Is this all right? I'd appreciate someone clarifying some of this stuff to me.

Thanks!

EDIT: I guess another way of putting my question is, is the dual basis unique, in the sense that the linear functionals that form the basis are always identically equal to f_i(x) as given by FSI?

Last edited:

Hurkyl
Staff Emeritus
Gold Member
Another way of putting your question is:

If you have two lists f and g of linear functionals satisfying:
fi(xj) = δ_ij
gi(xj) = δ_ij​

Can you prove that, for each i,
fi = gi
?

I guess I could since they agree on basis elements they should be equal - that's a result from linear algebra. I guess that answers my question, but the differential form example sorta throws me off...

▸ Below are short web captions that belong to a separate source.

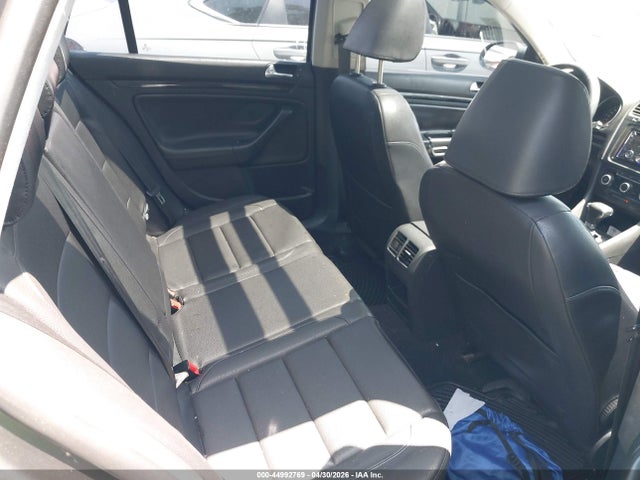 Продажа на аукционе авто 2010 Volkswagen Jetta Se, vin: 3VWTZ7AJ7AM675164, номер лота: 44992769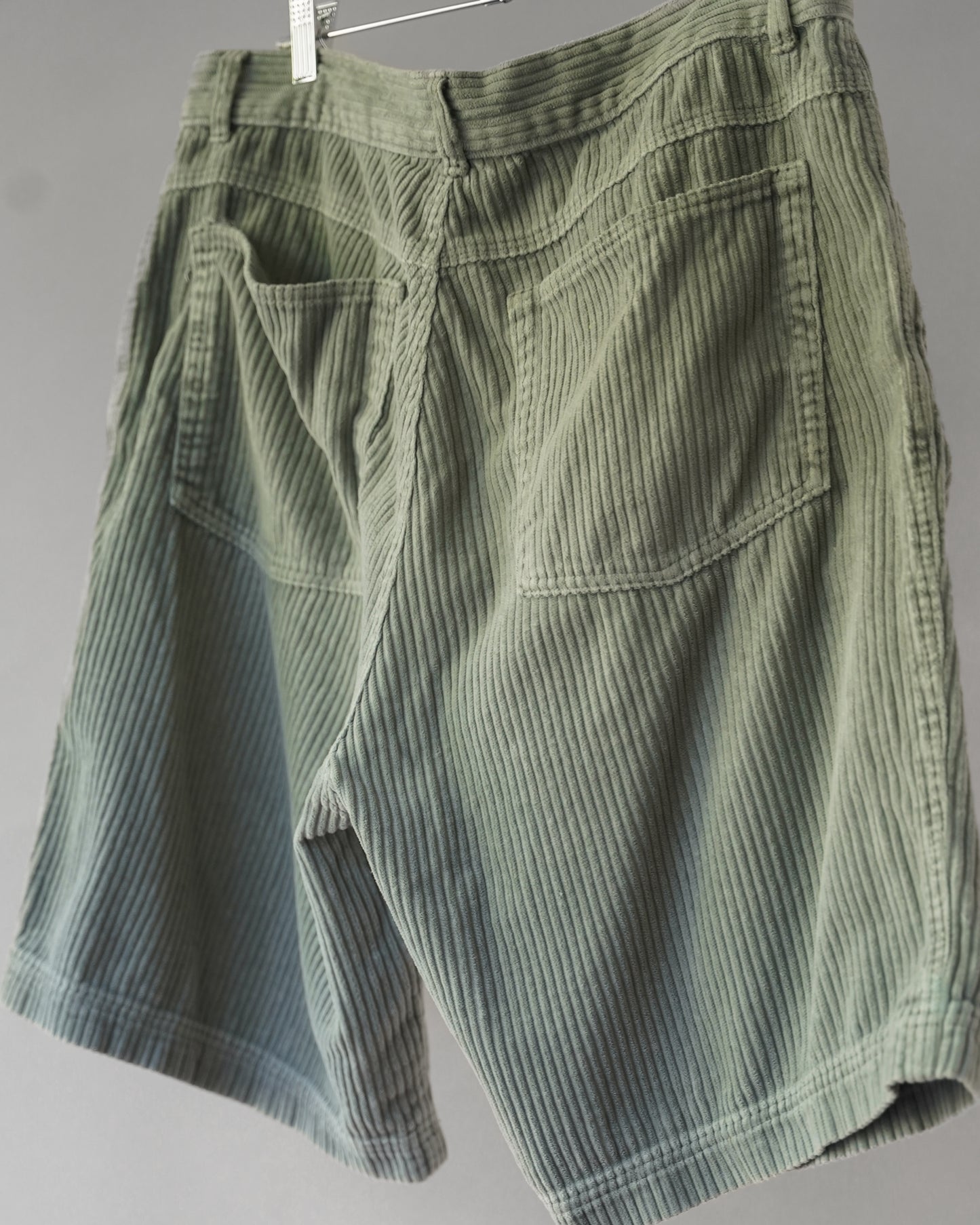 90's Baggy Gray Corduroy Shorts - 36x22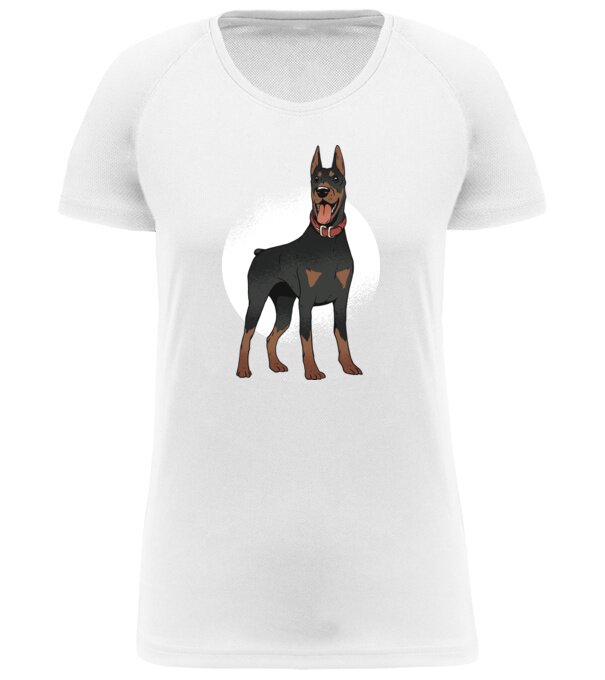  model  pe tricou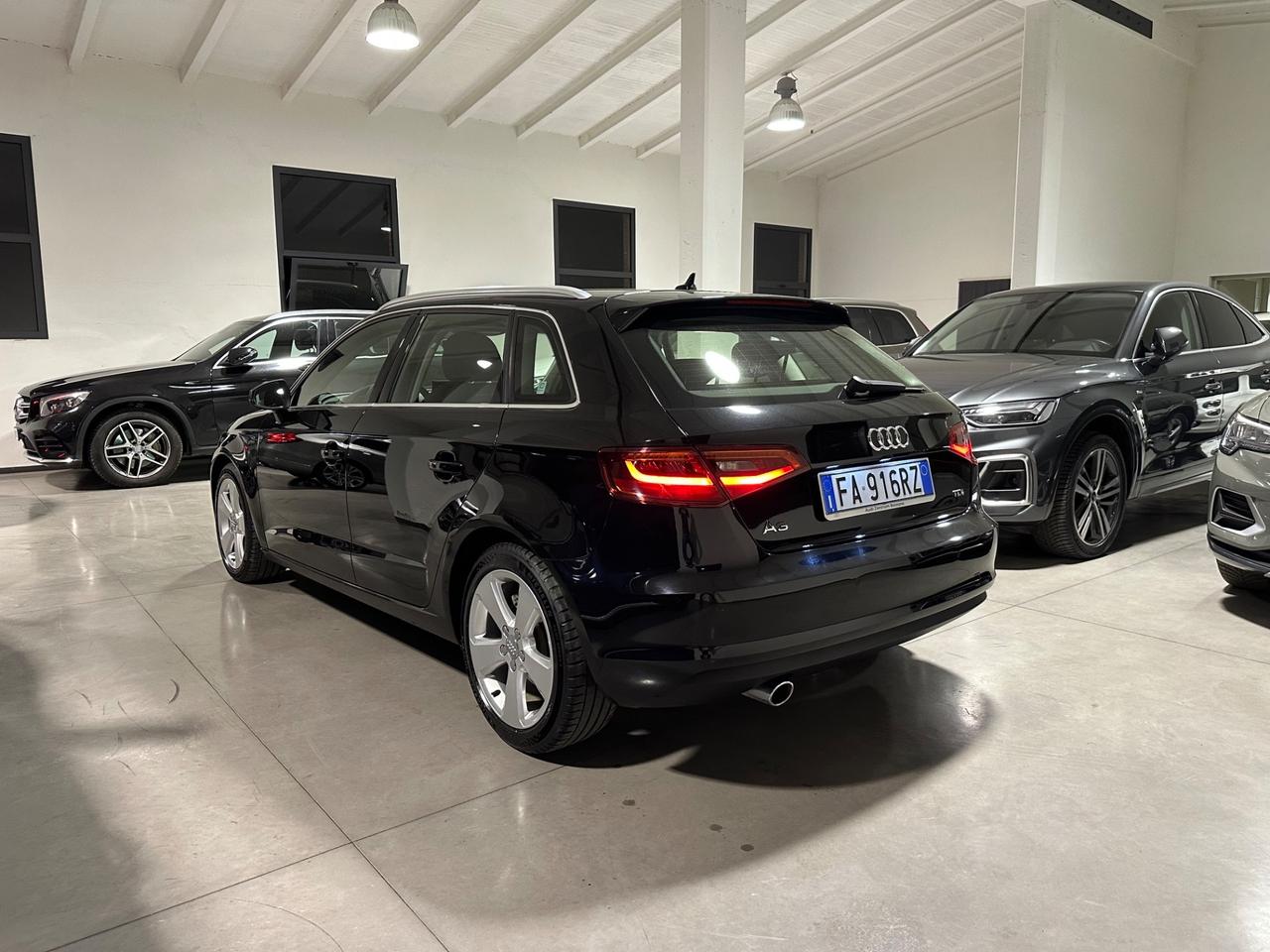 Audi A3 SPB 1.6 TDI clean diesel Ambiente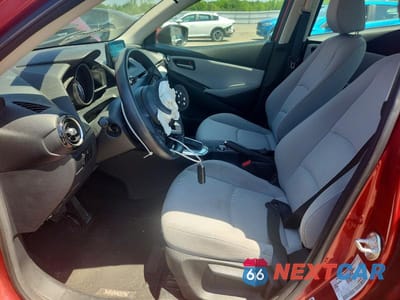 Zdjęcie 7 z 12 samochodu: 2019 TOYOTA YARIS LE VIN:3MYDLBYV5KY503389 - miniatura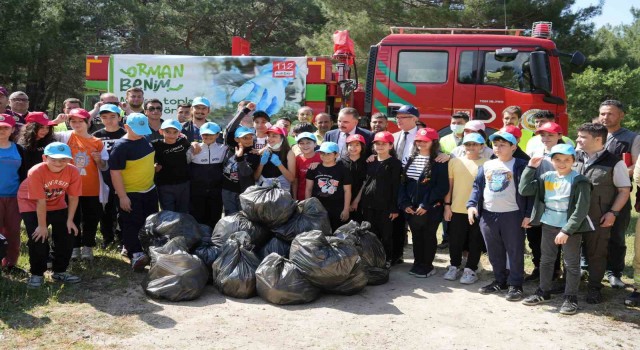 Kazdağlarında “Orman Benim” etkinliğinde yarım saatte 1 ton çöp topladılar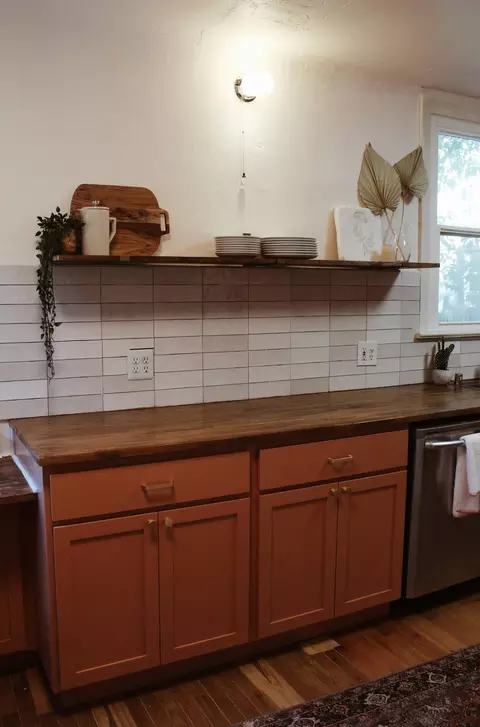 Kitchen - 2220 Cliff Dr, Redding, CA 96001 photo 2 of 2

I suppose the purpose of 'rewriting' the f_i (x) as dx_i is probably just more convenient as it is "differential" forms.

...purpose of 'rewriting' the f_i (x) as dx_i is probably just more convenient as it is "differential" forms.
The purpose is that do Carmo's is interested in differential forms defined on a manifold (or in an open set of it), not just on a single point. Therefore, given a manifold M and $p \in M$ and R3 is its tangent space at p, then the dual basis to the canonical one is indeed dx_i(p) and is exactly the same as the dual basis as defined in linear algebra.

This notation is useful when, for example, you have a function f defined on an open set U of M and you need df, which is then written (usually supressing p):

$$df(p) = \sum_{i = 1}^{n}a_{i}\left(p\right)dx_{i}\left(p\right)$$

Where the a_i's are (usually) smooth functions on U.

The purpose is that do Carmo's is interested in differential forms defined on a manifold (or in an open set of it), not just on a single point. Therefore, given a manifold M and $p \in M$ and R3 is its tangent space at p, then the dual basis to the canonical one is indeed dx_i(p) and is exactly the same as the dual basis as defined in linear algebra.

This notation is useful when, for example, you have a function f defined on an open set U of M and you need df, which is then written (usually supressing p):

$$df(p) = \sum_{i = 1}^{n}a_{i}\left(p\right)dx_{i}\left(p\right)$$

Where the a_i's are (usually) smooth functions on U.

Ahh that makes sense to me now. Thanks a lot JSuarez! Also thanks to Hurkyl for helping me out too!